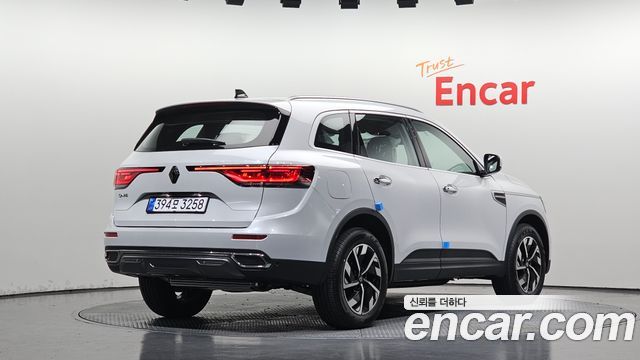Renault (Samsung) QM6 из Кореи Encar
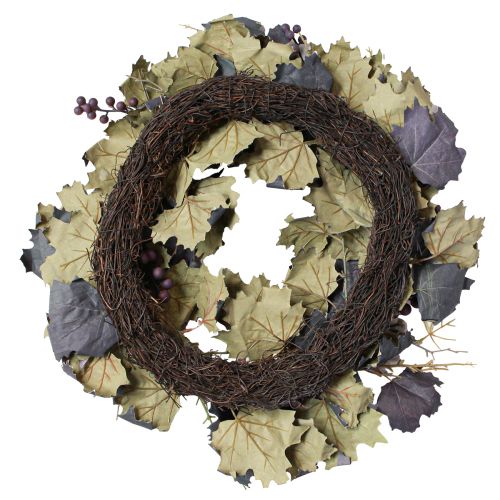 Artikel Deko Kranz Weinlaub und Trauben Herbstkranz Weinreben Ø60cm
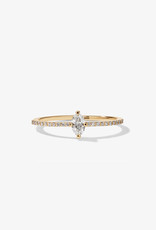 LANA JEWELRY FLAWLESS STACKABLE MARQUISE RING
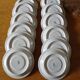 12 bistro coffee cups and 2 pots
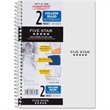 ADD TO YOUR SET: Mead Five Star 2-Subject Notebook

▬▬▬▬▬▬

> [Exercise description]: What is needed is a verbatim copy of the material, minus its pictures.

> [Your response]:
Renault (Samsung) QM6 из Кореи Encar
 Artikel Deko Kranz Weinlaub und Trauben Herbstkranz Weinreben Ø60cm
 LANA JEWELRY FLAWLESS STACKABLE MARQUISE RING
 12 bistro coffee cups and 2 pots
 ADD TO YOUR SET: Mead Five Star 2-Subject Notebook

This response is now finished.